Dataset extract:
★ ★ ★ ★ ★

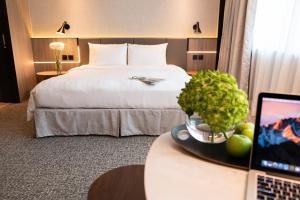 Uma cama ou camas num quarto em Nathan Hotel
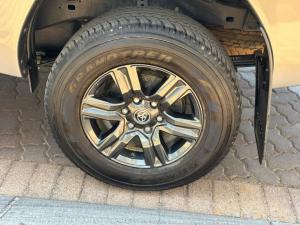 Toyota Hilux 2.4GD-6 Xtra cab Raider manual - Image 12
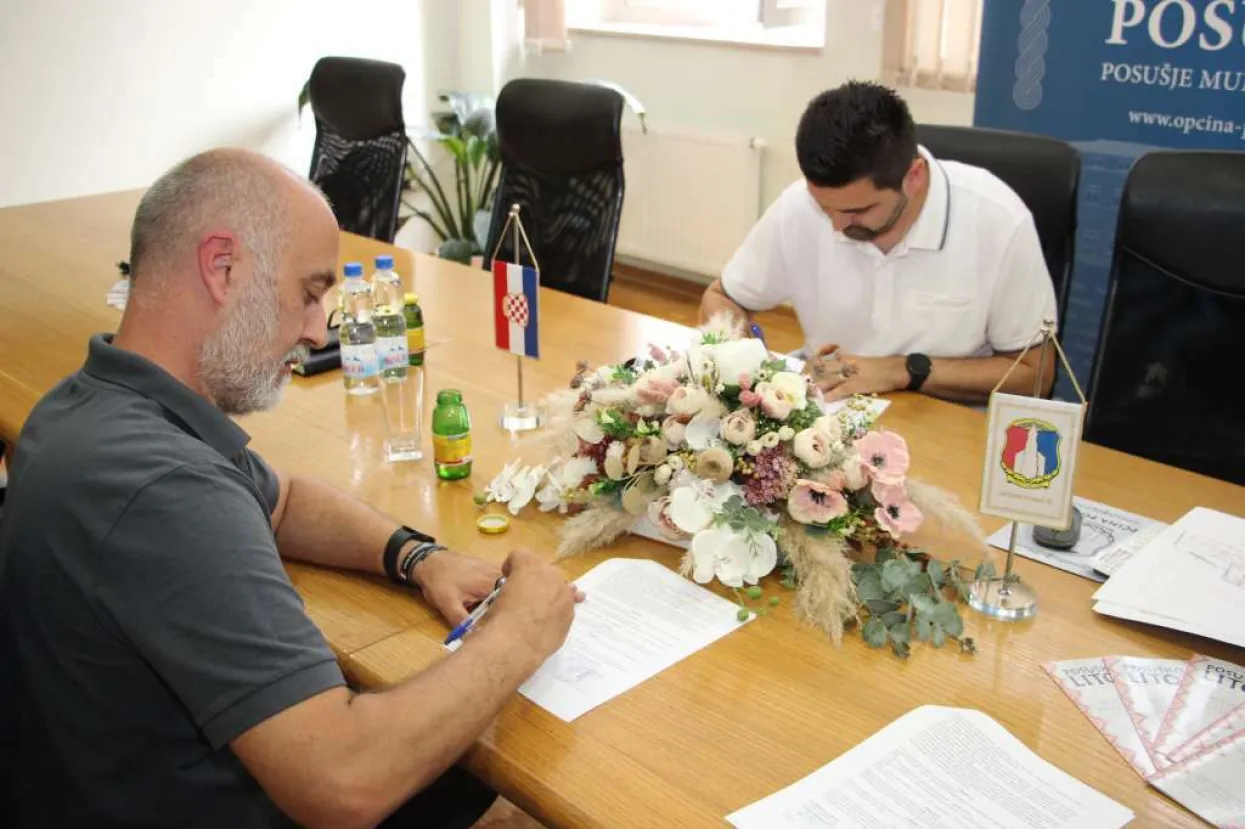 Umjetna trava uskoro na pomoćnom terenu sportskog kompleksa na Mokrom docu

★ ★ ★ ★ ★

Task objective: All of the data above should be printed again exactly, though none of the pictures belong in the copy.

Answer section:
 Uma cama ou camas num quarto em Nathan Hotel
 Toyota Hilux 2.4GD-6 Xtra cab Raider manual - Image 12
 Umjetna trava uskoro na pomoćnom terenu sportskog kompleksa na Mokrom docu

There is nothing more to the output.